Hello assembler!
Over the last weeks, I experimented with coding on assembler on OpenBSD. In this
article, I want to demonstrate how a "hello world" binary can be written. But
keep in mind that I myself am only learning. I know some assembler from my
earlier years (I did some ROM hacking for NES and SNES games) and I had a course
that taught MIPS assembler using SPIM.
But until now, I've never had written any Intel/AMD assembly.
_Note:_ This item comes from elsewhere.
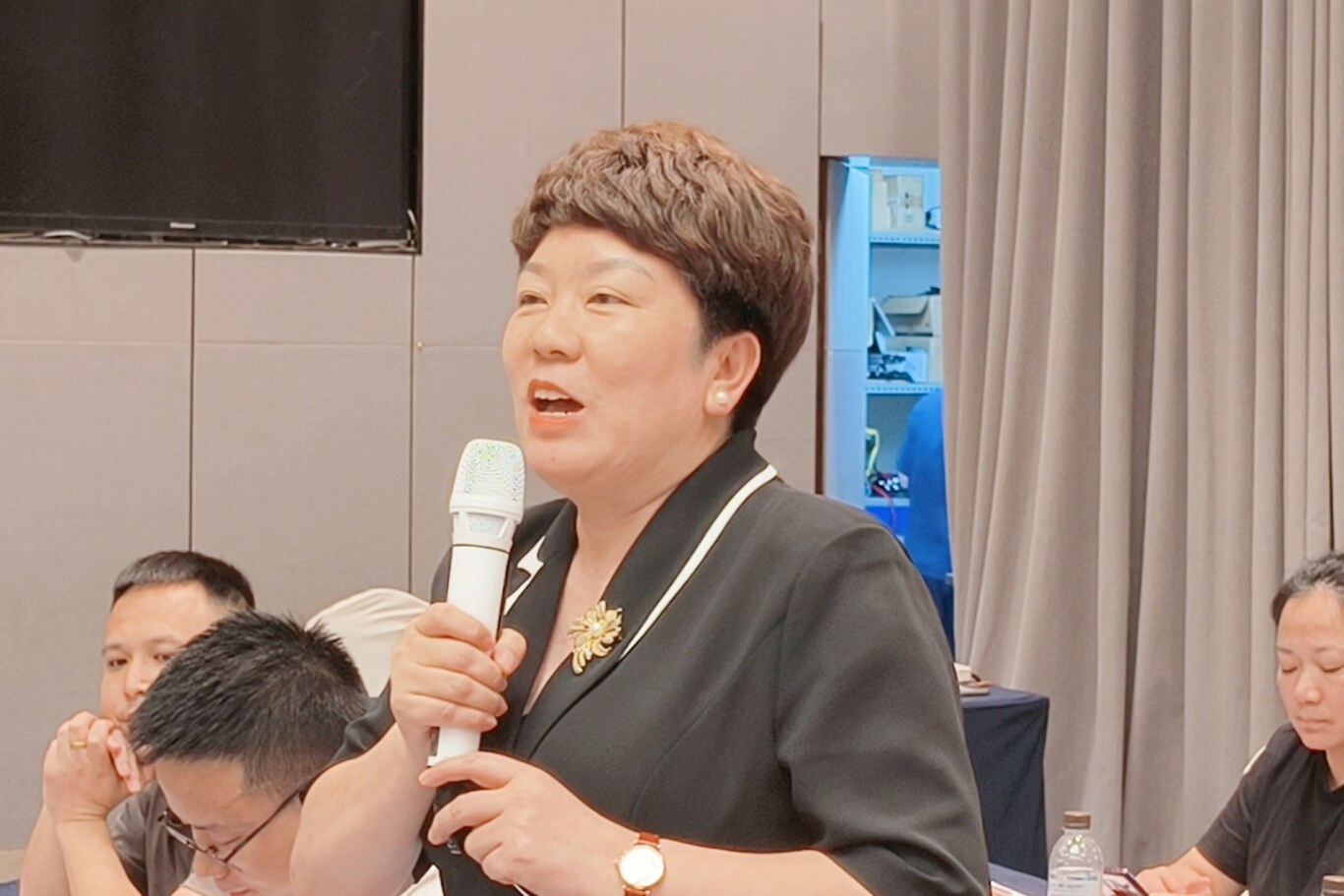 唐静.jpg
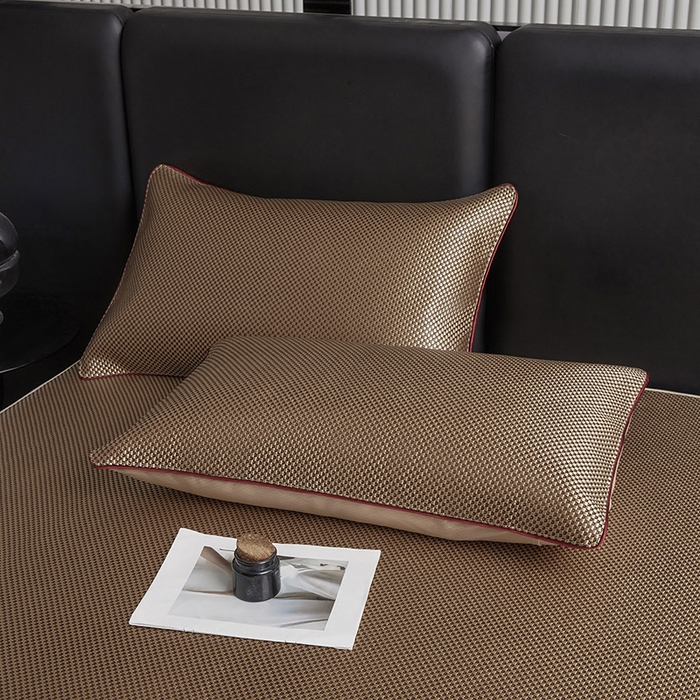 91家纺网 家纺一手货源 找家纺 情恒家纺 2025新款冰藤席床笠款三件套 皇朝 炽金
In theory, you can choose between two ways of writing an application in
assembly: You can issue syscall commands directly or you can call syscall
wrapping functions in existing runtime libraries like libc. I opted to implement
the second method, as it is the more stable interface on OpenBSD - the OpenBSD
developers are not shy to change the ABI if it helps them get rid of old cruft
or improve the system's overall design otherwise. This makes it unpragmatic to
ship closed source software for OpenBSD on the other hand, but nobody likes
closed source software either way ;)
Another reason to choose libc is that their was some effort to limit which code
can use syscalls directly at all. This increases security by decimating ways for
attackers to make syscalls. While ASLR makes it
difficult for an attacker to find and call a specific function, making syscalls
is much easier as they are statically known. When only libc is allowed to use
syscalls, the attacker has a much harder time. Research msyscall(2) if you are
interested in this.
A final reason to call into libc from assembler is that the same method will
also help me use other existing C libraries. There is no reason why I should not
be able to write, say, an ncurses application with assembler, if I find a use
case for that.
Anyway, let's get the show started!
Preparations
If you want to follow along, you need a i386 or amd64 OpenBSD system. The base
does contain the GNU assembler in version 2.17, which is recent enough for my
needs, but you can also install a more recent version as a package/port. The
package is called 'gas', which will also be the name of the binary.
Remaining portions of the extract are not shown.